» Records for the task

★ ★ ★

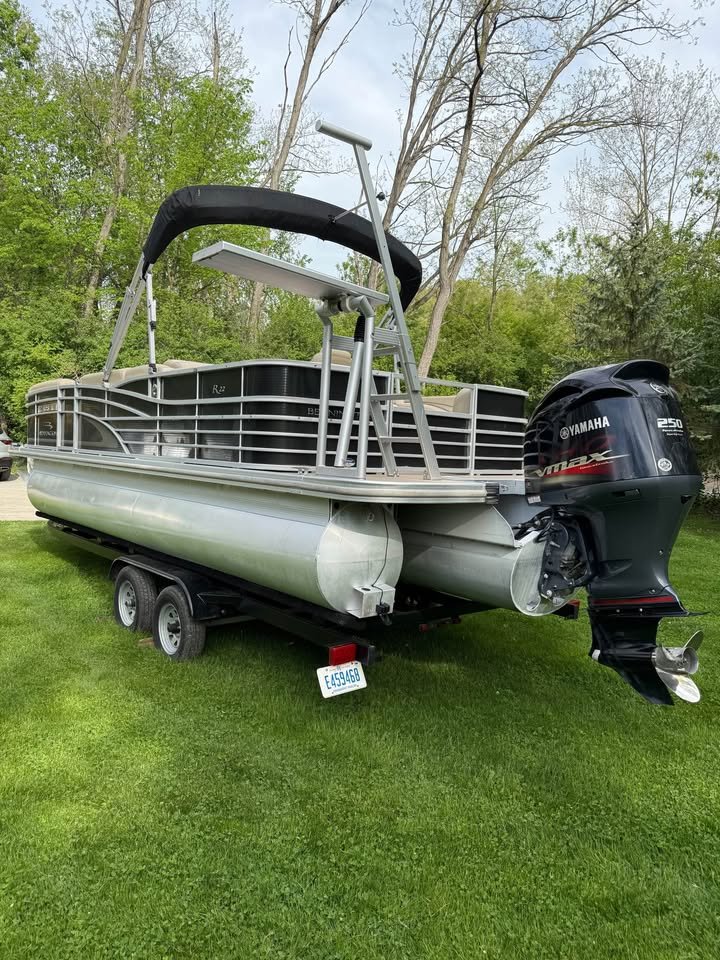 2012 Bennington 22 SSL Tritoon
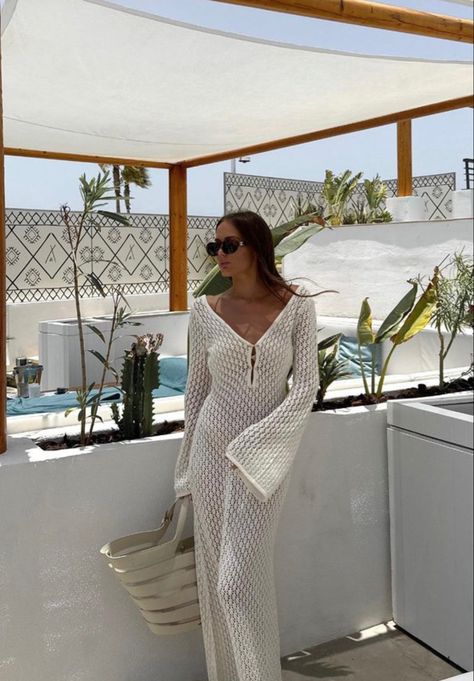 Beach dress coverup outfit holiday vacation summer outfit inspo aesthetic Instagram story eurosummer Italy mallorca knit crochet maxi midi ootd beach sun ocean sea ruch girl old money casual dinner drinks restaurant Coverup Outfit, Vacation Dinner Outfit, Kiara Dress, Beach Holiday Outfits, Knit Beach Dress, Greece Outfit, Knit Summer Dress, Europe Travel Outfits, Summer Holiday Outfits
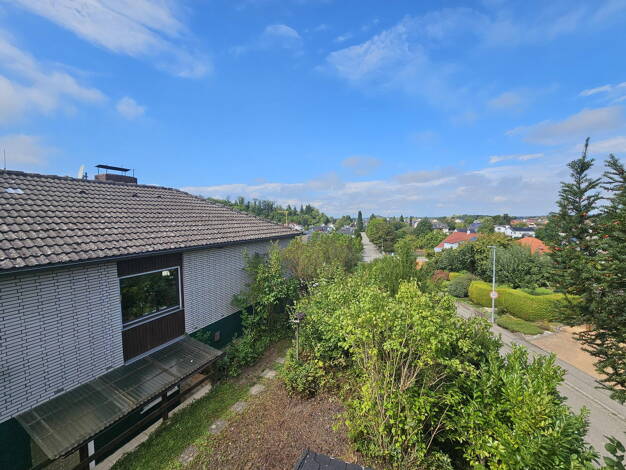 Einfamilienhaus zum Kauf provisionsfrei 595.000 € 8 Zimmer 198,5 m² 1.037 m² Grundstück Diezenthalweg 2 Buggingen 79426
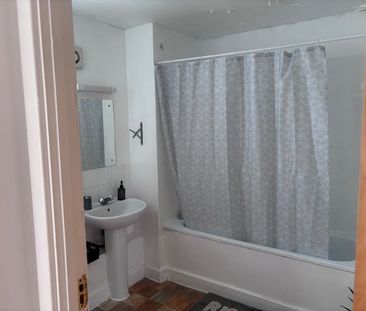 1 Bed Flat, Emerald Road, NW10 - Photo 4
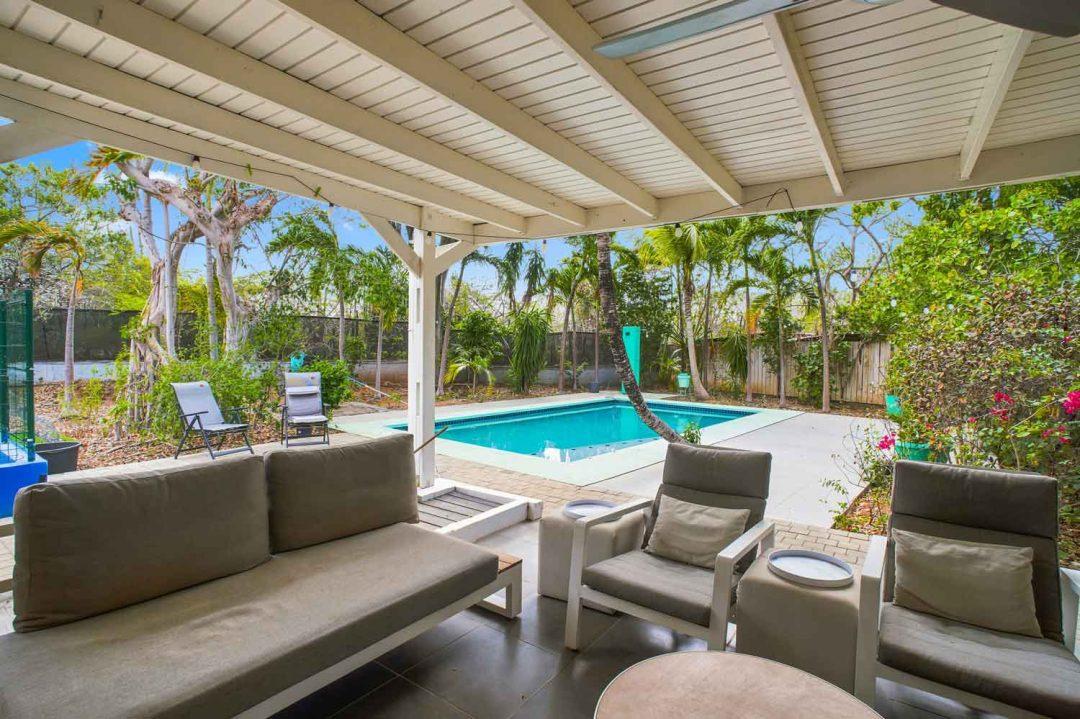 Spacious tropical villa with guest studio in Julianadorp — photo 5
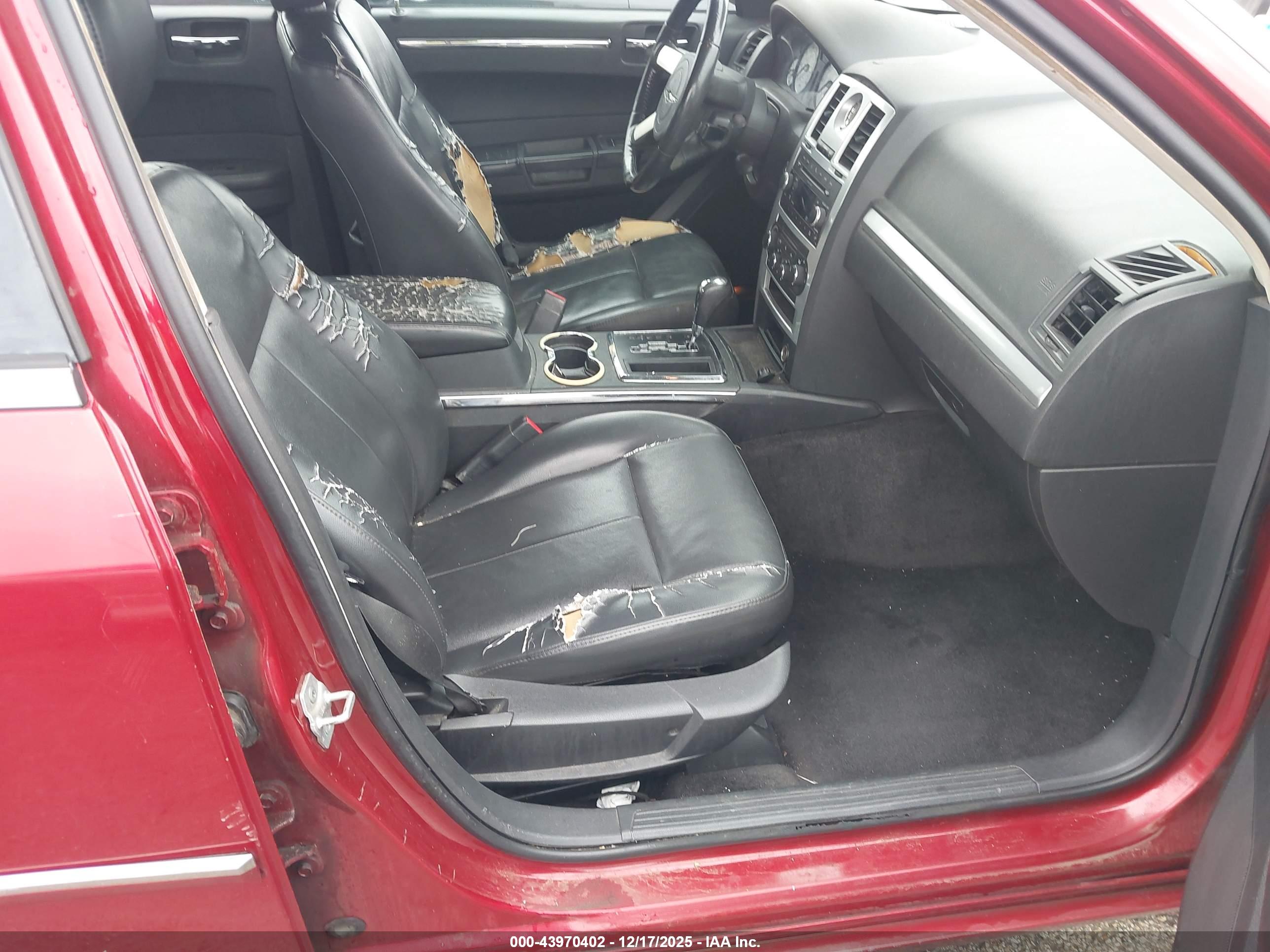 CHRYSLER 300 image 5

★ ★ ★

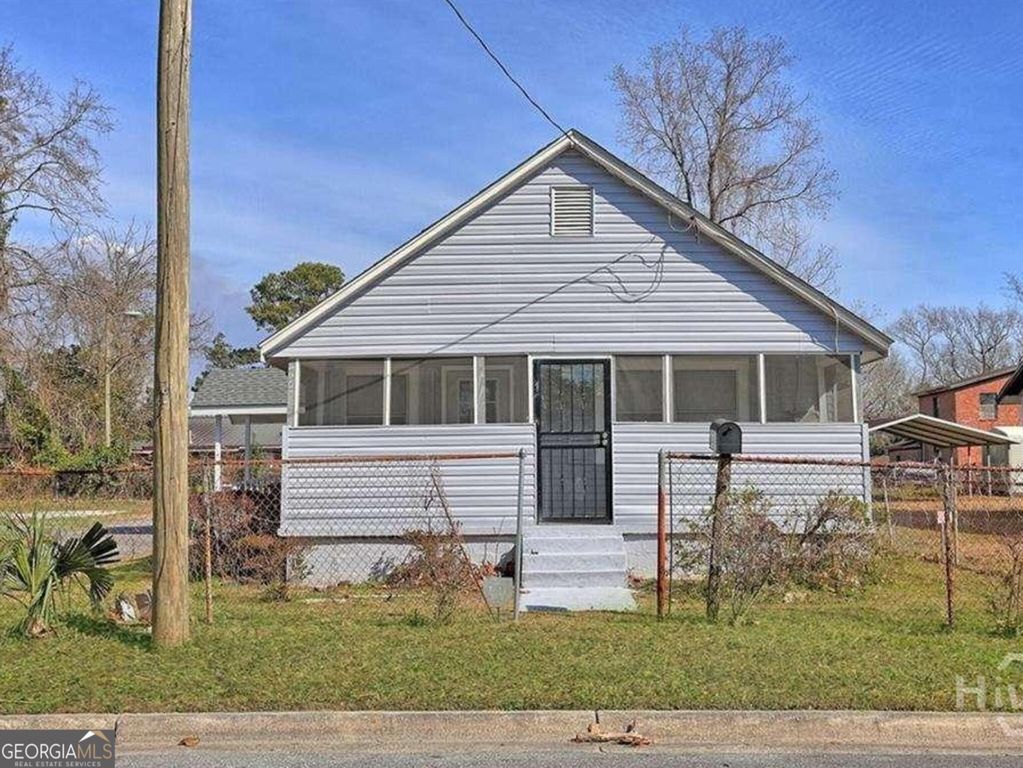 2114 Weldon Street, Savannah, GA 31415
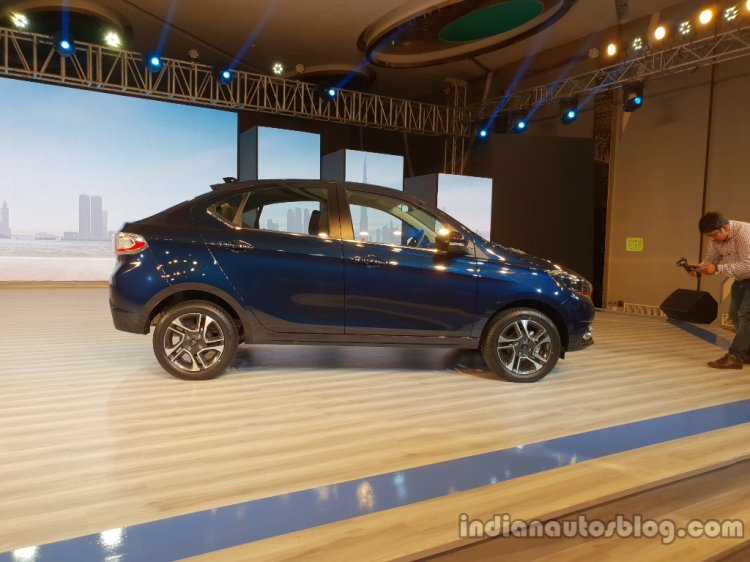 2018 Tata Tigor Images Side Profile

★ ★ ★

» What you will do
Leaving out the pictures, please output the lines in the entries above from the one with "2114 Weldon Street, Savannah, GA 31415" through the one with "2018 Tata Tigor Images Side Profile", exactly as they are.

» Your solution
 2114 Weldon Street, Savannah, GA 31415
 2018 Tata Tigor Images Side Profile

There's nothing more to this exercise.